Despite rise in the number of projects, Wales' share of the UK total inward investment accounts for 4%, is much lower than the high point of the 1980s and 1990s. Now this is good news, but, our focus should be on developing small to medium size local businesses, which are significantly less likely to up sticks and leave for perceived greener pastures and fresh applications of development grants.

We are still too focused on attracting large scale single enterprises, which promise much but deliver significantly less than anticipated. The LG development near Newport, is a good example of an expensive white elephant which promised the usual total of 6,000 jobs and accrued significant public funding (£376 million pounds at the last count) which was committed by the then Welsh Secretary, William Hague.

The promises and the pledges and the public funding  never quite managed to deliver anything like what was promised. While anyone with a basic  understanding of the state of the Korean and the Far Eastern economies at the time that, let alone a basic understanding of where technological developments was going in relation to PC monitor screens, would have put their hands up and said hang on a moment.

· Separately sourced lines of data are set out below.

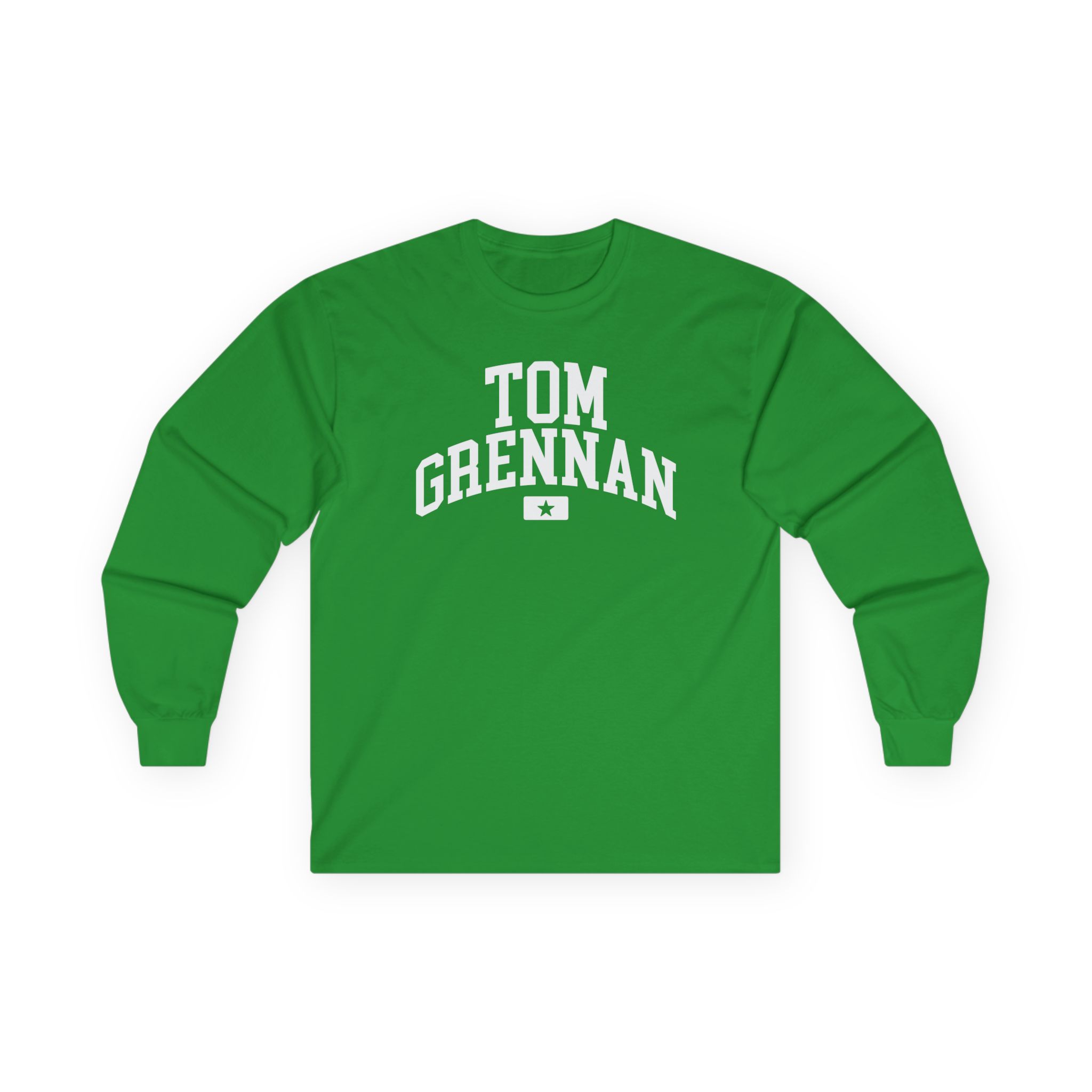 TOM GRENNAN EVERYWHERE I WENT, LED ME TO WHERE I DIDN'T WANT TO BE Unisex Ultra Cotton Long Sleeve Tee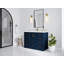 Ensemble de meuble-lavabo simple 48 po Esin-90699574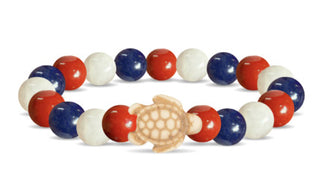 Fahlo Journey Sea Turtle Bracelet Summer Stone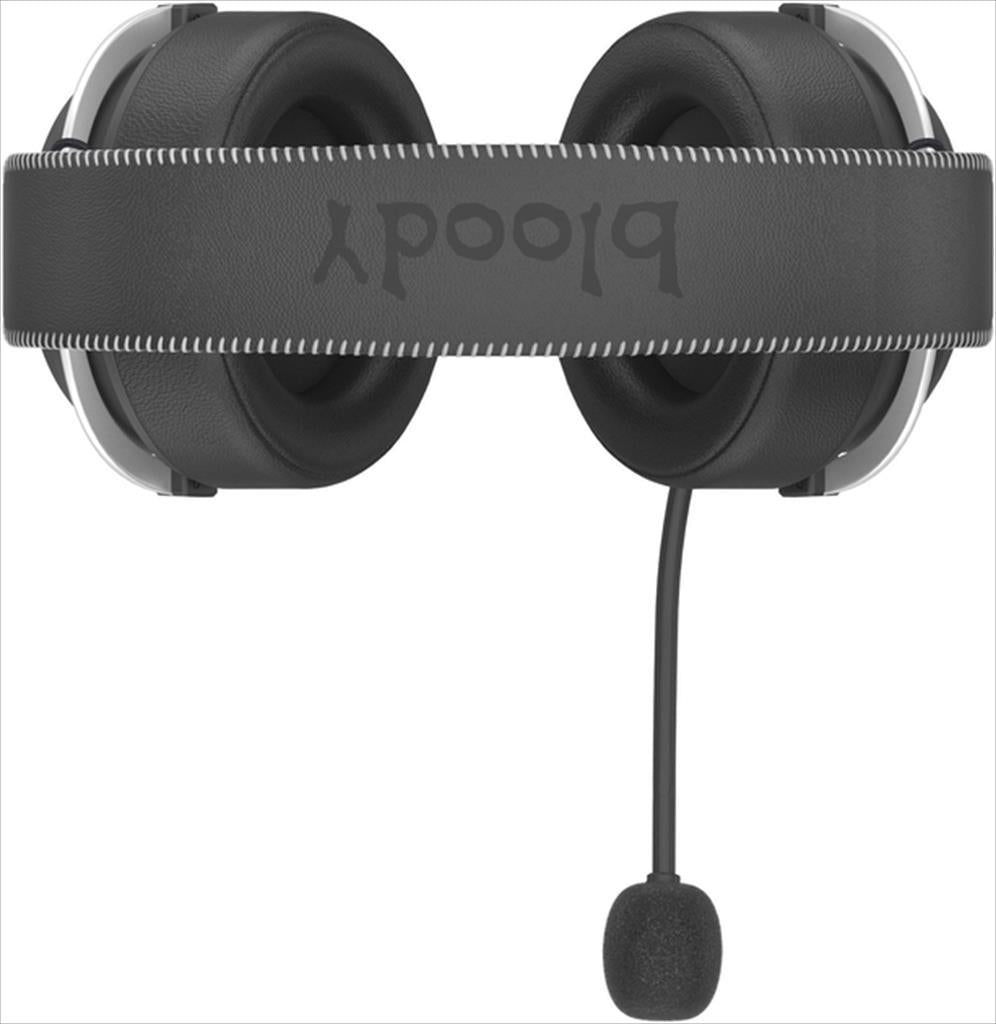 HEADPHONES WIRELESS A4TECH MR590 Bloody Gaming, Detachable mic, RGB, 3.5mm/2.4G,BT 5.3 w/Extension Dock, Sports Black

What can best be described as a combination of fantasy island economic assessments, a fatally flawed business case and the prospect of looking good with a forthcoming Westminster election looming led to one of the spectacularly duller decisions of recent years being made. The old WDA had in truth never really consistently delivered anything like long term economic stability and much needed long term job opportunities to our communities that it should have done.

The European funding opportunities available to Wales (as a result of economic mismanagement on the part of successive Westminster governments) may well turn out to have been squandered on schemes that fail to deliver measurable results yet manage to deliver fat salaries to the managers. Much of the money has been scammed into dubious schemes and training programmes that fail to deliver the necessary skills that workers and potential workers need to make a decent living in the modern economy.

Anyone who has visited Spain and Ireland prior to the self inflicted banking crash will have seen (and can see) the results of years of European regional investment the question we should be asking is where are the physical assets? By this I mean the things you can literally put your hand on like improved communications (rail, railway stations, etc), broadband infrastructure, etc?

The Westminster, Welsh Office, WDA model of concentrating on attracting branch factory operations of a relative short term duration has failed to develop and sustain our economy. Back between 2007 and 2011 the Plaid driven One Wales Government made significant efforts and tried to think and act differently when it comes to economic development and support for small to medium sized enterprises.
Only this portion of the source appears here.